Did you hear about the Southwest Airlines pilot who caused a panic attack on his aircraft with a simple act of kindness?
According to a Newsday story, an air traffic controller contacted the pilot to tell him that the mother of one of their controllers was on his flight.
Apparently he asked the pilot to wish her a happy birthday. So the pilot got on the PA system and attempted to do so. He got as far as, "There's a mom onboard." To many of the passengers, this apparently sounded like, "There's a bomb on board" and the fun began.
Flight attendants and the pilot were able to explain the snafu and calm the crowd, but a couple of the passengers were still upset enough to contact security after landing. And that's what makes this story unique.
In the past, it has been the airline crews and security agents who have taken the dialogue seriously. And no wonder. With the airlines and airports at high alert, flight crews and security agents are understandably concerned. A simple "Hi" to your good friend Jack can cause you to miss your flight. But sometimes they go overboard.
Last week, while going through security at San Francisco International Airport, I overheard a passenger tell an agent, "Be careful with that bag. You never know what you'll find." That passenger found himself in a private pat-down area wishing he had kept his mouth shut.
A few years ago, an aircraft was aborted and returned to the gate when a passenger repeatedly said, "Bye-bye aircraft" while the flight attendant was giving the safety demonstration. Removing the passenger from the flight sounds like a reasonable response, except he was 18-months old.
In the quest for safety, the TSA continuously adds new devices to keep our country safe. But at times they take the changes to ridiculous extremes and the travelers rebel.
When one passenger felt the pat-downs became too intense at Salt Lake City International Airport, he stripped down to a Speedo swimsuit before going through scanning. And other passengers have stripped even further.
When concerns were raised about the safety of the new body-scanning machines, some passengers advocated a sort of passenger strike. Again at Salt Lake International Airport, angry travelers caused an airport slowdown. They organized several travelers to request pat-downs in lieu of the scanning machines and caused major delays for several airlines.
When parents became irate over requiring young children to remove their shoes, the TSA finally decided children weren't a huge terrorist risk.
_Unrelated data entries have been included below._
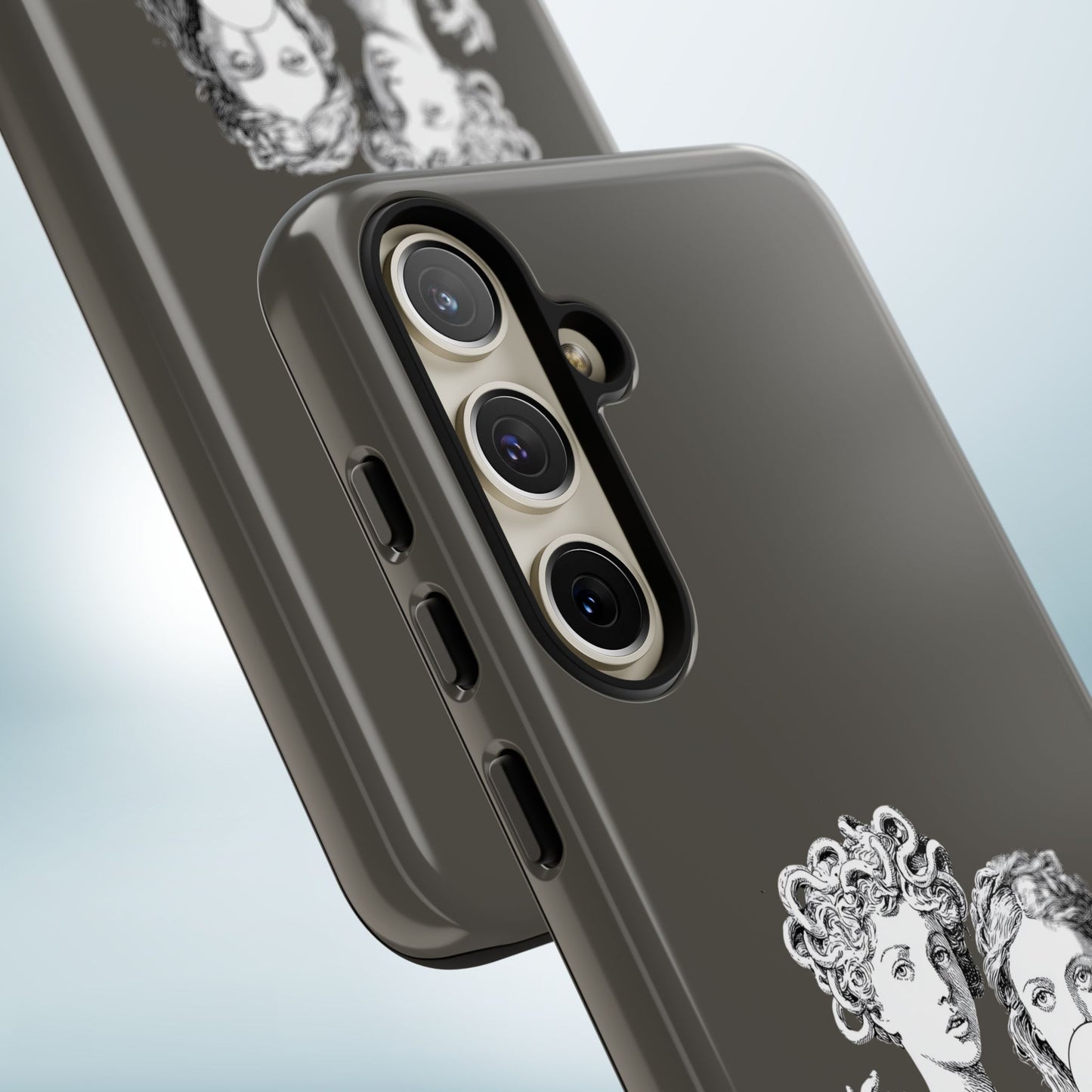 Athena and Medusa Phone Case, Greek Mythology Tough Cover, Gothic Art iPhone Samsung Pixel Case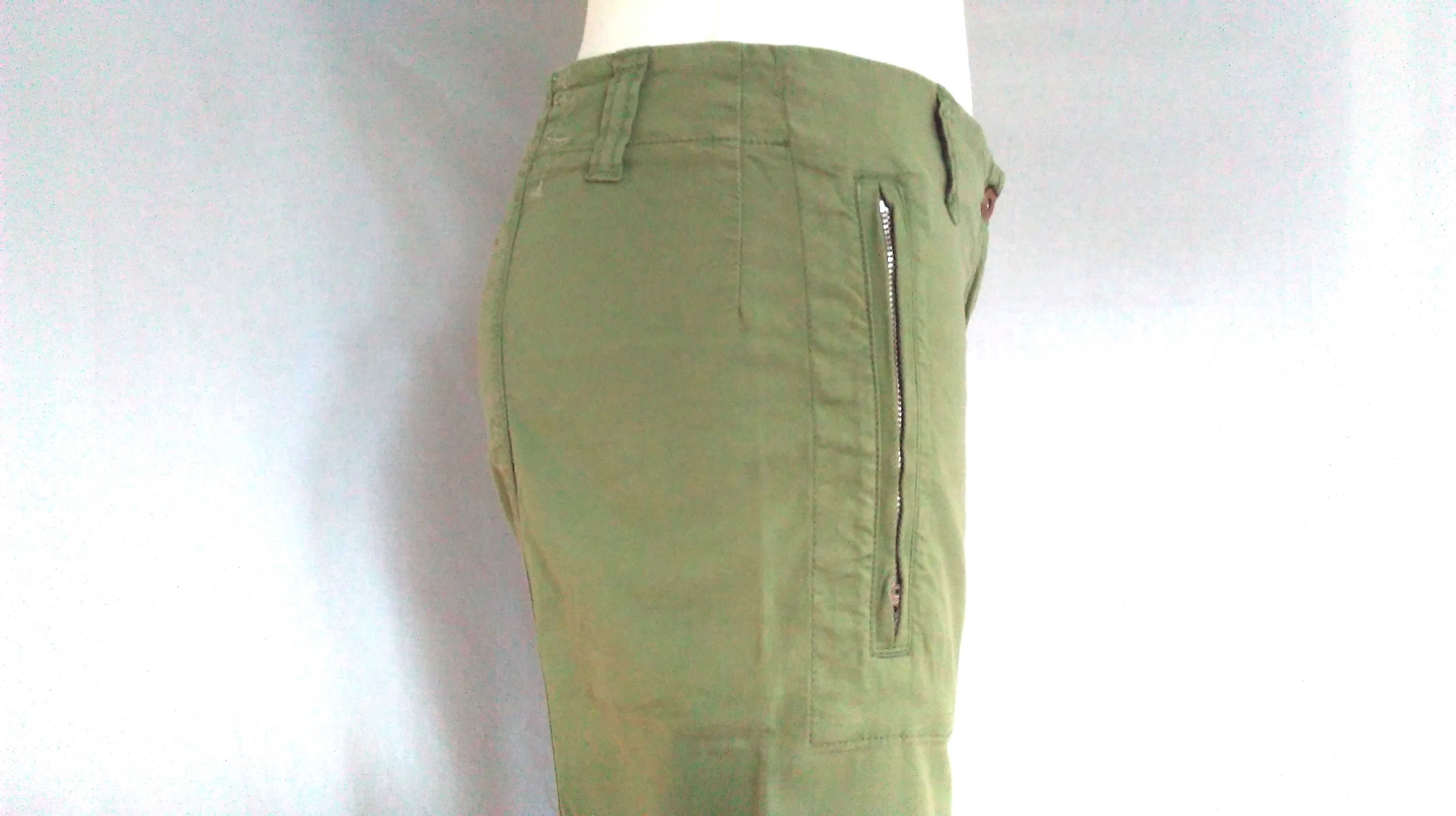 SPODNIE damskie Zielone r. S/M stan bdb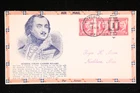 US COVER GENERAL PULASKI FDC SCOTT 690 STRIP OF 3 STOUTZENBERG CACHET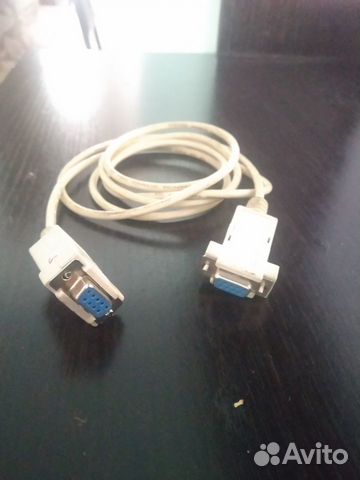 Кабель RS-232 нуль модем DB9F - DB9F 1.8 м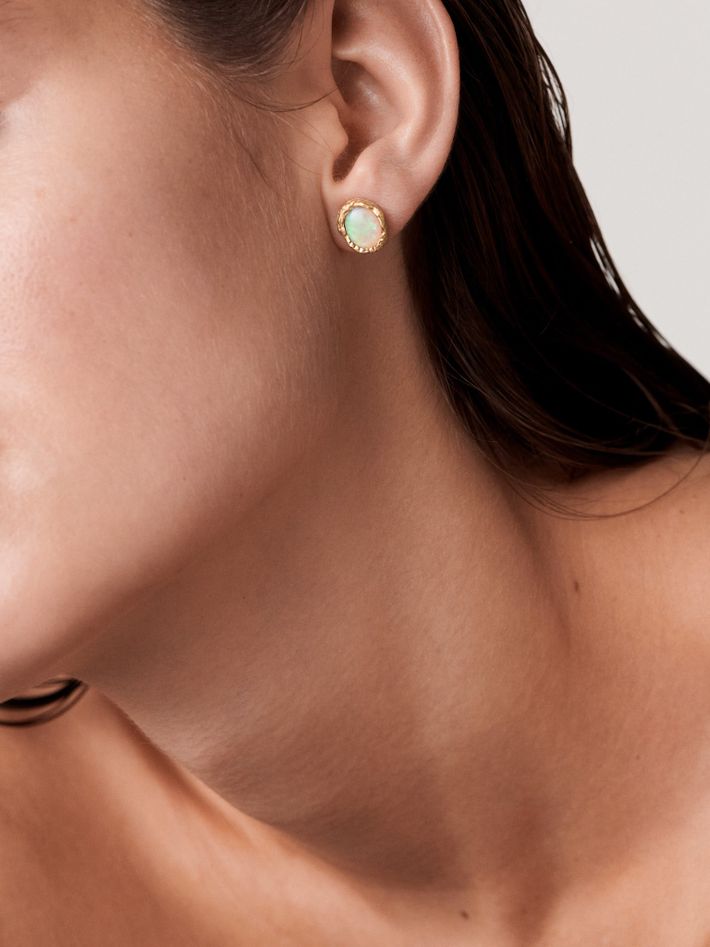 Abyss large opal earrings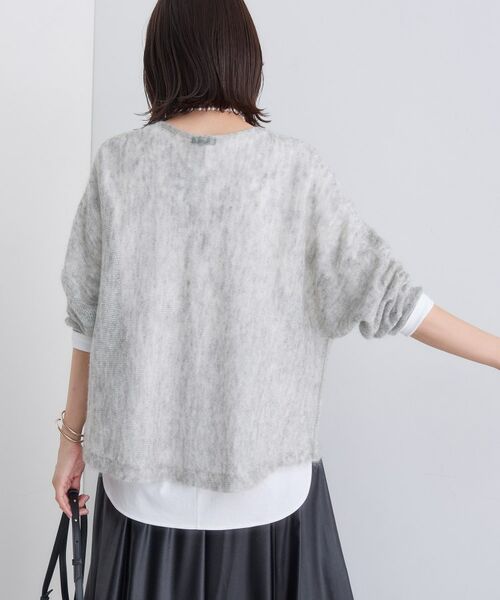 INDIVI / インディヴィ ニット・セーター | 【キッドモヘヤ素材】ラウンドヘムニット | 詳細15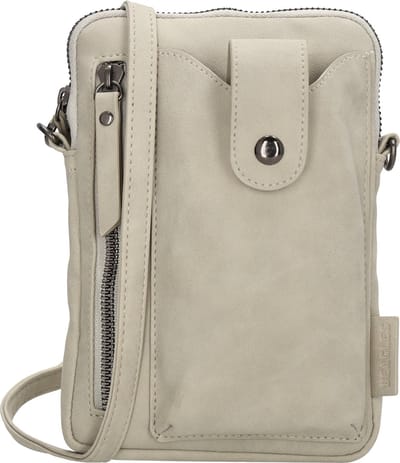 Beagles Arta Crossbody Telefoontasje Premium Leatherlook - Lichtgrijs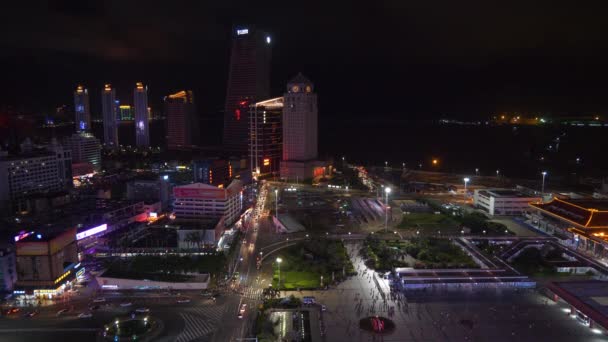 Zhuhai Stadsgezicht Luchtfoto Panorama China — Stockvideo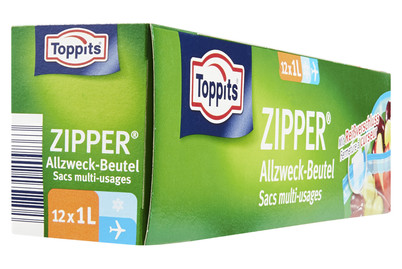 Image of Toppits Zipper Allzweck-Beutel 1 L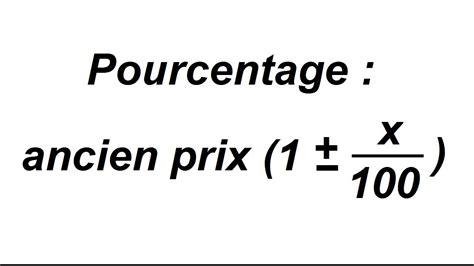 Calculs Avec Des Pourcentages Partie 1 YouTube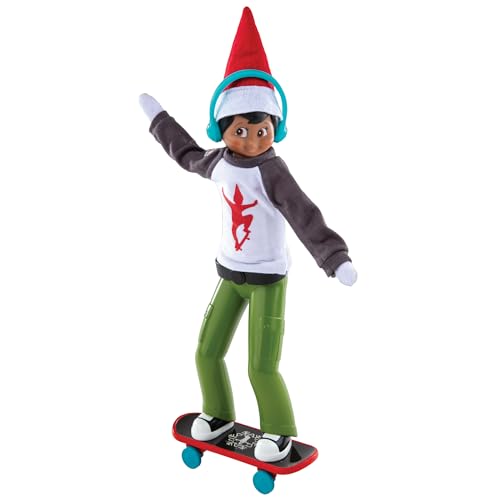 The Elf on The Shelf® MagiFreez™ Skateboard Set | Outfit mit Longsleeve, Kopfhörer & Skateboard | Scout Elf Accessoires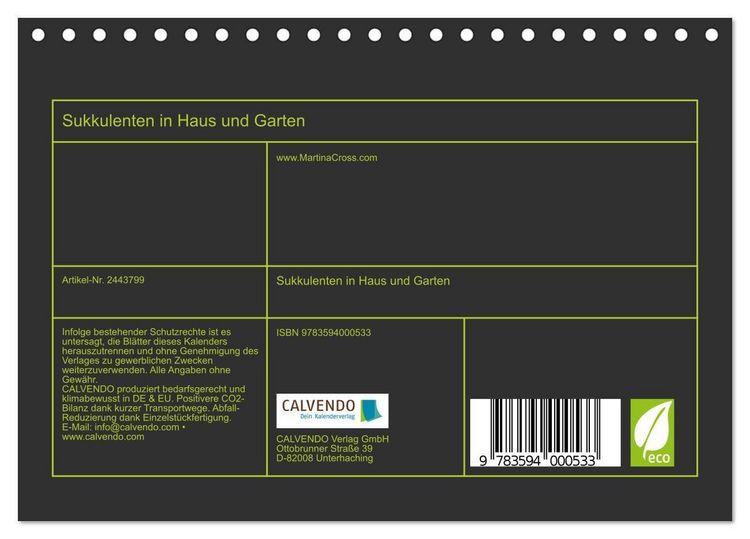 Produktbild: Sukkulenten in Haus und Garten (Tischkalender 2027 DIN A5 quer), CALVENDO Monatskalender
They rescinded the regulation so children 12 and under can keep their shoes on when they pass through security.
But in the past it was the airline personal and the security agents who carried the fear factor to the extreme. Now it seems passengers, who rarely listened to the announcements, are tuning in. Air travel has become serious business. As that pilot learned, any conversation can be taken out of context and just doesn't fly these days.